■ **Problem description**
Repeat each entry word for word. Leave any images out of the copy.

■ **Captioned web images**
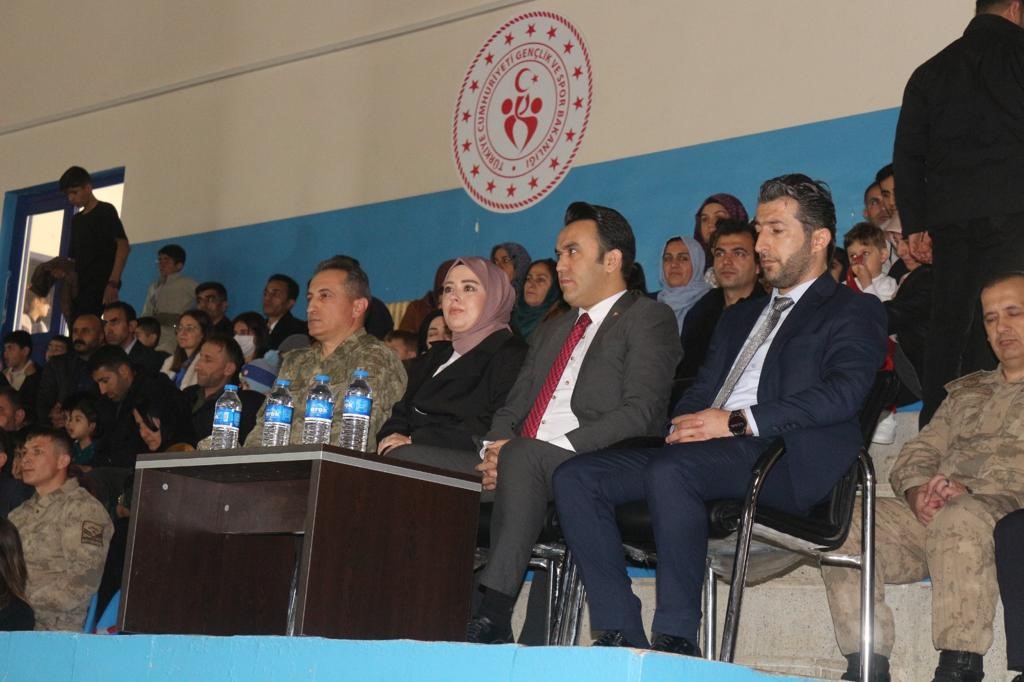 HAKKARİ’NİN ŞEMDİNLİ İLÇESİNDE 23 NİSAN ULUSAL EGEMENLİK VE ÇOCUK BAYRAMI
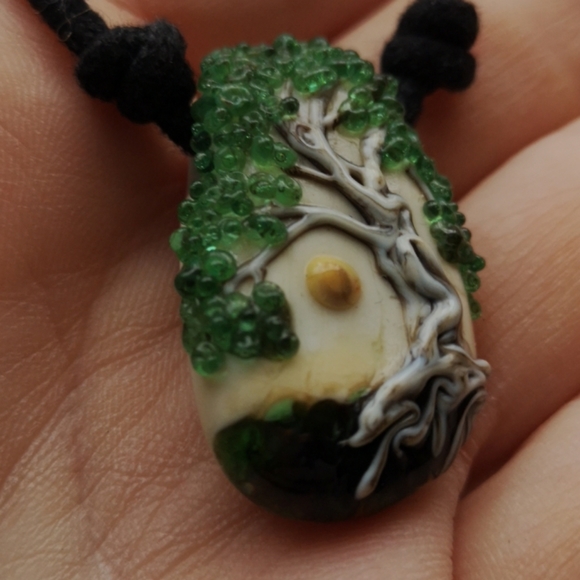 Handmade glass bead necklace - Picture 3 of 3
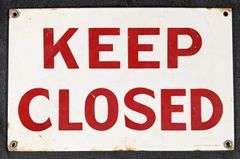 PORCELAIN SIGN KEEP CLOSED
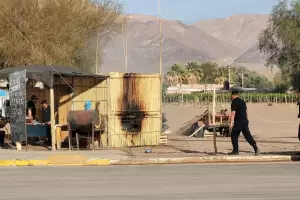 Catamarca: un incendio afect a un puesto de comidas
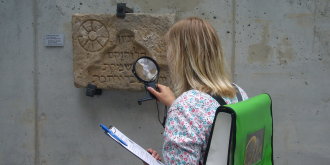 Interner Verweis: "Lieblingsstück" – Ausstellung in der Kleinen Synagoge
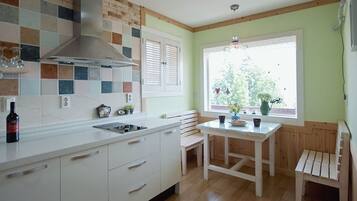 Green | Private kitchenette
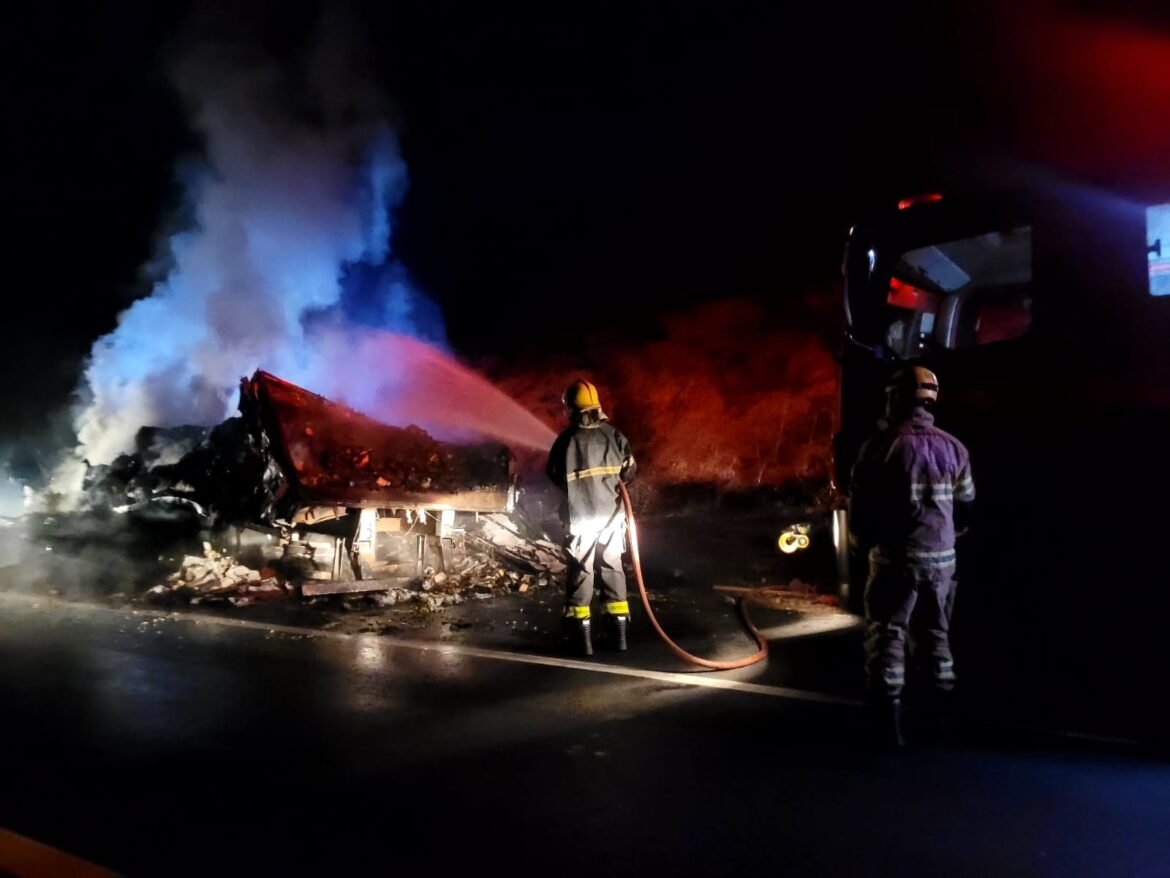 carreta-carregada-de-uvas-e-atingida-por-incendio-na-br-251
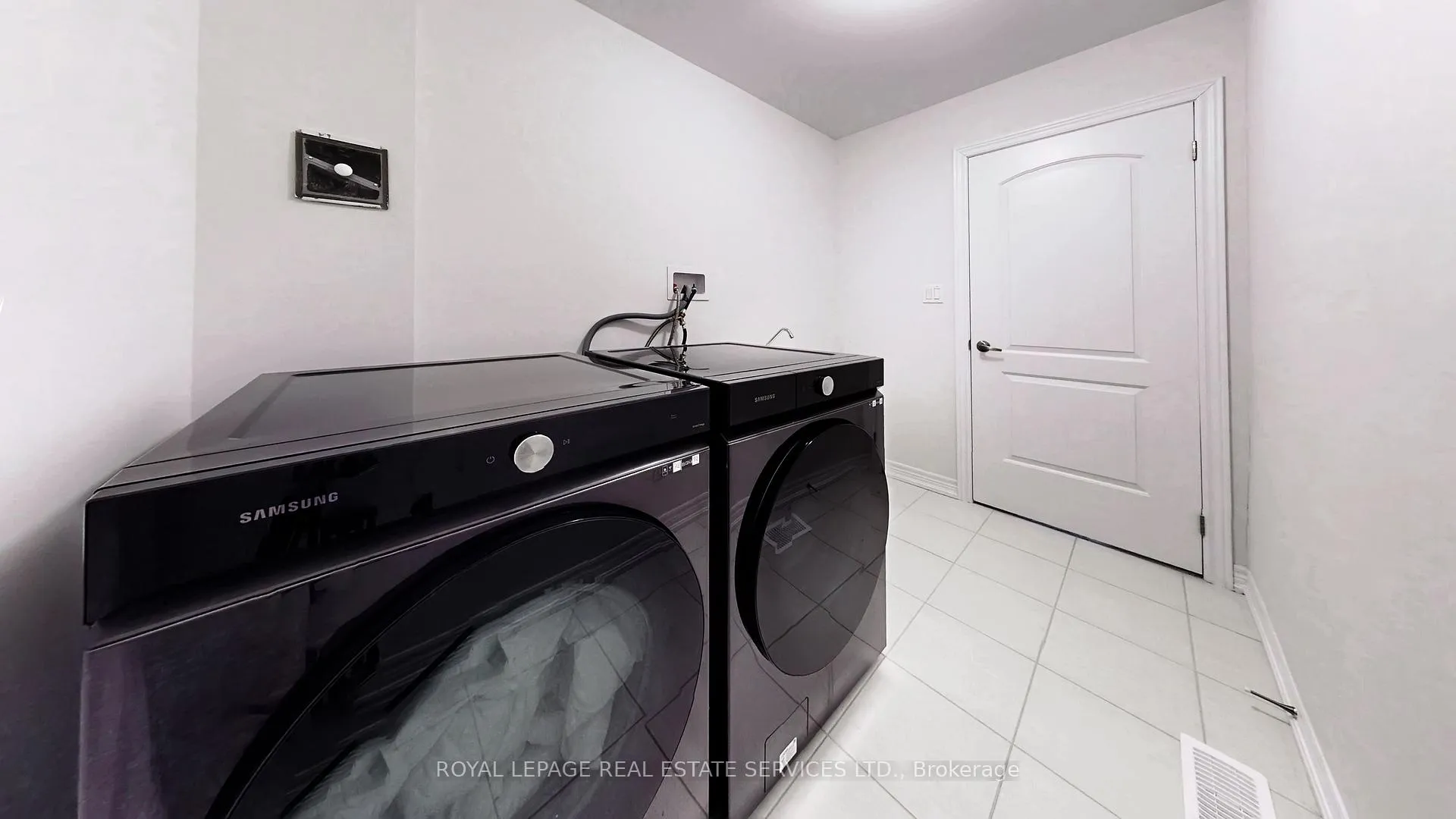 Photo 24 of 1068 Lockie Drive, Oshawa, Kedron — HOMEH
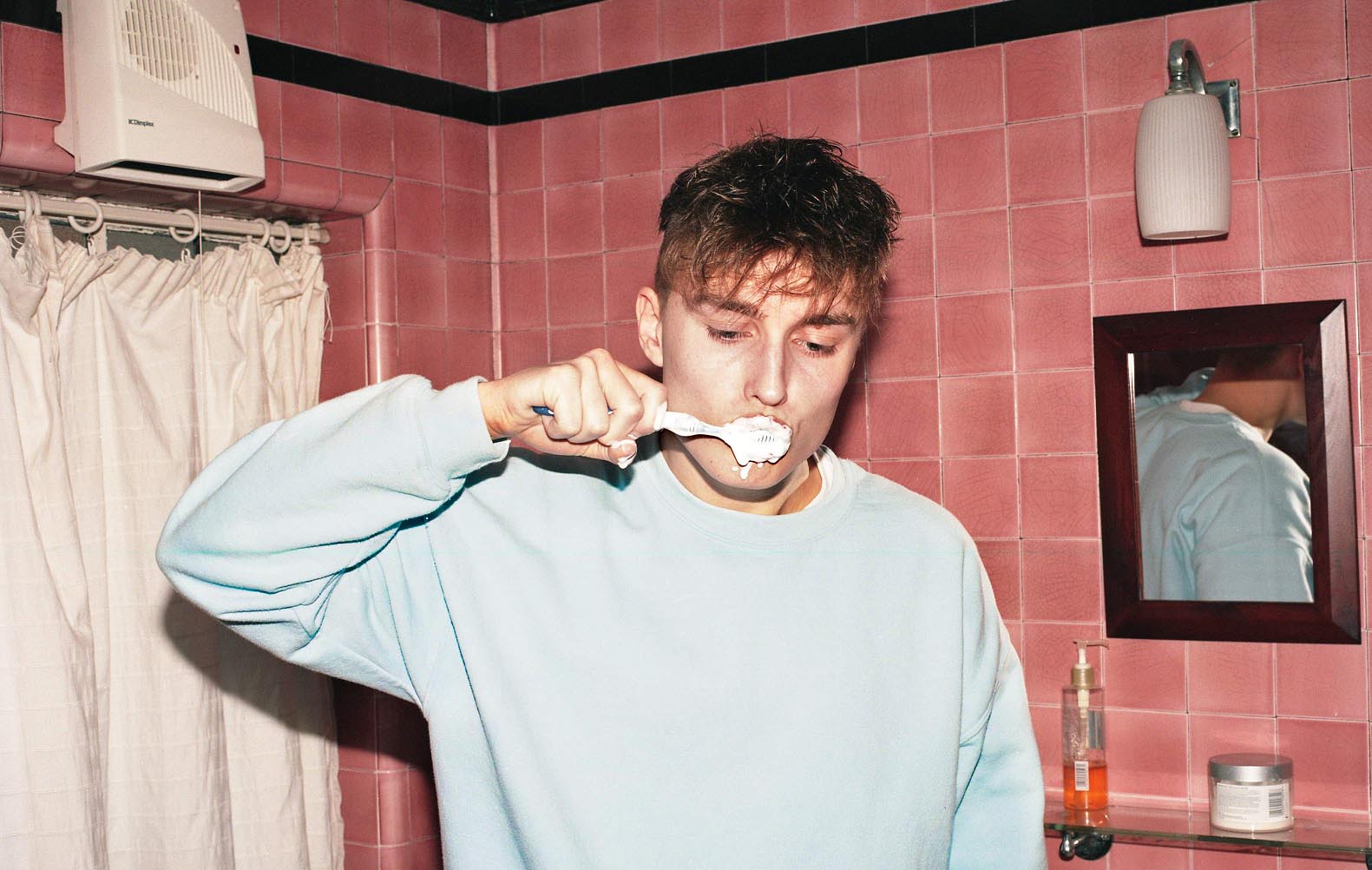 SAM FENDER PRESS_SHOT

■ **Answer space**
 HAKKARİ’NİN ŞEMDİNLİ İLÇESİNDE 23 NİSAN ULUSAL EGEMENLİK VE ÇOCUK BAYRAMI
 Handmade glass bead necklace - Picture 3 of 3
 PORCELAIN SIGN KEEP CLOSED
 Catamarca: un incendio afect a un puesto de comidas
 Interner Verweis: "Lieblingsstück" – Ausstellung in der Kleinen Synagoge
 Green | Private kitchenette
 carreta-carregada-de-uvas-e-atingida-por-incendio-na-br-251
 Photo 24 of 1068 Lockie Drive, Oshawa, Kedron — HOMEH
 SAM FENDER PRESS_SHOT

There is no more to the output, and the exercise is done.